For example, to clone mypool/projects, first make a snapshot and then clone:
$ sudo zfs snapshot -r mypool/projects@snap1 $ sudo zfs clone mypool/projects@snap1 mypool/projects-clone
ZFS Send and Receive
ZFS send sends a snapshot of a filesystem that can be streamed to a file or to another machine. ZFS receive takes this stream and will write out the copy of the snapshot back as a ZFS filesystem. This is great for backups or sending copies over the network (e.g. using ssh) to copy a file system.

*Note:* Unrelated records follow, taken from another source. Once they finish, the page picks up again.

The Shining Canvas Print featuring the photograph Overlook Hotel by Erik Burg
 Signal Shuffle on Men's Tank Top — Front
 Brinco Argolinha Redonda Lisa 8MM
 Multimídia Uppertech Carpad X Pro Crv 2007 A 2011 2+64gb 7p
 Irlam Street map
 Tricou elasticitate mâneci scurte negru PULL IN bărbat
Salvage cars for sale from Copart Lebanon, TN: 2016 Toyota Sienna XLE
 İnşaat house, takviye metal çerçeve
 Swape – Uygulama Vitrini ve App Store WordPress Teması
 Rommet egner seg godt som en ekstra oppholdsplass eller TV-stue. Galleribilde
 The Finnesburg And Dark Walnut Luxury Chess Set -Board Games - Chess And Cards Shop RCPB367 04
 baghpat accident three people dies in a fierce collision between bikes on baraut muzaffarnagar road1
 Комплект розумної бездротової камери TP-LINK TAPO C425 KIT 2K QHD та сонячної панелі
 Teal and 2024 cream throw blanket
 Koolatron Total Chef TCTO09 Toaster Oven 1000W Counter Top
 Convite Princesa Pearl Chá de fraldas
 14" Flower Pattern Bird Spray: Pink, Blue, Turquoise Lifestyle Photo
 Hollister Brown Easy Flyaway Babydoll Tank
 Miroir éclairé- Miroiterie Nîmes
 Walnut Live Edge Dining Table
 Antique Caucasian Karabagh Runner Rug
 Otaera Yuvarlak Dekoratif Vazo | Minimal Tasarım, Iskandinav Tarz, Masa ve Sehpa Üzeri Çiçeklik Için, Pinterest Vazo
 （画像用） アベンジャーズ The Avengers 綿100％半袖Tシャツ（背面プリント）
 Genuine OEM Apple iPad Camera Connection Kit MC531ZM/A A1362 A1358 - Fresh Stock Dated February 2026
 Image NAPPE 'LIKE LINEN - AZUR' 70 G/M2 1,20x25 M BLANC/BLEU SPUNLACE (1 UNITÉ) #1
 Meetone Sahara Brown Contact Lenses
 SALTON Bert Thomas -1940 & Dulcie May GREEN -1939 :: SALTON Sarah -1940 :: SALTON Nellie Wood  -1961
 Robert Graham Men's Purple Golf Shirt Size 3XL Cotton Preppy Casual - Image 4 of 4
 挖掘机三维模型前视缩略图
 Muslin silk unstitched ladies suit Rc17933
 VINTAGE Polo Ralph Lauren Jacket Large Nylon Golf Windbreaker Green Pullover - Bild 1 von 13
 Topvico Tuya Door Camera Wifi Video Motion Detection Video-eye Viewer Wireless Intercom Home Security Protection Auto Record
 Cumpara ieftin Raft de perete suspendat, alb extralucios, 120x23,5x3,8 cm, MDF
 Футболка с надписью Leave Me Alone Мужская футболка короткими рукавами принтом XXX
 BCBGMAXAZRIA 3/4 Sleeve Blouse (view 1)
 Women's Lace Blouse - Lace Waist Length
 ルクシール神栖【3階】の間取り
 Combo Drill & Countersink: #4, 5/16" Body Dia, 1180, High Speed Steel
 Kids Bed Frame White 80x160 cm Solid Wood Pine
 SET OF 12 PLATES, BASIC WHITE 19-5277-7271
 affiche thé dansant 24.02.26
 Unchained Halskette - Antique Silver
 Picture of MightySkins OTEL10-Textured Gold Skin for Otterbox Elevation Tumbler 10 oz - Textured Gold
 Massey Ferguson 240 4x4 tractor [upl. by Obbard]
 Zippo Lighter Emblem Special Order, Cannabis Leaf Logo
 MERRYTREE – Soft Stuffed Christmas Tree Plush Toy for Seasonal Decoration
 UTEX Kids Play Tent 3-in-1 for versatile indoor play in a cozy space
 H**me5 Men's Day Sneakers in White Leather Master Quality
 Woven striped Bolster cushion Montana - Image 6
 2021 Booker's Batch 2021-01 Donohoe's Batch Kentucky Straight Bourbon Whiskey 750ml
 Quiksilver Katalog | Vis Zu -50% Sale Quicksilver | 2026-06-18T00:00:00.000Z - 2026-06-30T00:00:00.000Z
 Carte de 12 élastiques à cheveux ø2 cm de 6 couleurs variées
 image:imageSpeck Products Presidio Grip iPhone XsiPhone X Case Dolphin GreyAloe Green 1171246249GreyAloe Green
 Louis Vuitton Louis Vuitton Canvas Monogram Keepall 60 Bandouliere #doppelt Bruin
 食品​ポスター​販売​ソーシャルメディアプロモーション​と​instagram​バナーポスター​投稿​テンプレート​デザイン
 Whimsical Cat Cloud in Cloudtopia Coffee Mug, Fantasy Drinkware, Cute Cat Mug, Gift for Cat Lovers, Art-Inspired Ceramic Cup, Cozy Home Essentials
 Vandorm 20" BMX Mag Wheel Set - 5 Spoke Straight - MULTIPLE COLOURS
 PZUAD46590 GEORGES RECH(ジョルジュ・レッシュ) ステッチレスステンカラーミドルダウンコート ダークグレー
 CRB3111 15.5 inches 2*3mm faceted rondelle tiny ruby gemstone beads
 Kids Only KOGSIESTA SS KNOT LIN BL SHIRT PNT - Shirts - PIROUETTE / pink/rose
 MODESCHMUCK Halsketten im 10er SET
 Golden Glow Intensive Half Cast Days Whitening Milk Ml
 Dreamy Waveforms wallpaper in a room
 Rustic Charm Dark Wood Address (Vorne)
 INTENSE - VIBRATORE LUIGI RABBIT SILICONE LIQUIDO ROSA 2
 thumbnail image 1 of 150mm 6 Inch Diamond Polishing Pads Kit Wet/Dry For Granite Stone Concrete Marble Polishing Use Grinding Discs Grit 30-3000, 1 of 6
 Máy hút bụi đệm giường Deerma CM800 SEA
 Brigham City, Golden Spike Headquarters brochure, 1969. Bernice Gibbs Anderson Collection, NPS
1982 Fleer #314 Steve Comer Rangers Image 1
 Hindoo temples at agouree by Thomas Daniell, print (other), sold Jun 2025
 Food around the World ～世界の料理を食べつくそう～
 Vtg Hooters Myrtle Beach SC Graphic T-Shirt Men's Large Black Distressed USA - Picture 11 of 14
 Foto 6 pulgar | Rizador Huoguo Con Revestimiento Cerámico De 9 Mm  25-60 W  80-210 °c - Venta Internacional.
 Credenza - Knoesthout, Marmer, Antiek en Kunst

For example, make a snapshot and save it to a file:
sudo zfs snapshot -r mypool/projects@snap2 sudo zfs send mypool/projects@snap2 > ~/projects-snap.zfs
..and receive it back:
sudo zfs receive -F mypool/projects-copy < ~/projects-snap.zfs
ZFS Ditto Blocks
Ditto blocks create more redundant copies of data to copy, just for more added redundancy. With a storage pool of just one device, ditto blocks are spread across the device, trying to place the blocks at least 1/8 of the disk apart. With multiple devices in a pool, ZFS tries to spread ditto blocks across separate VDEVs. 1 to 3 copies can be can be set. For example, setting 3 copies on mypool/projects:
$ sudo zfs set copies=3 mypool/projects
ZFS Deduplication
ZFS dedup will discard blocks that are identical to existing blocks and will instead use a reference to the existing block. This saves space on the device but comes at a large cost to memory. The dedup in-memory table uses ~320 bytes per block. The greater the table is in size, the slower write performance becomes.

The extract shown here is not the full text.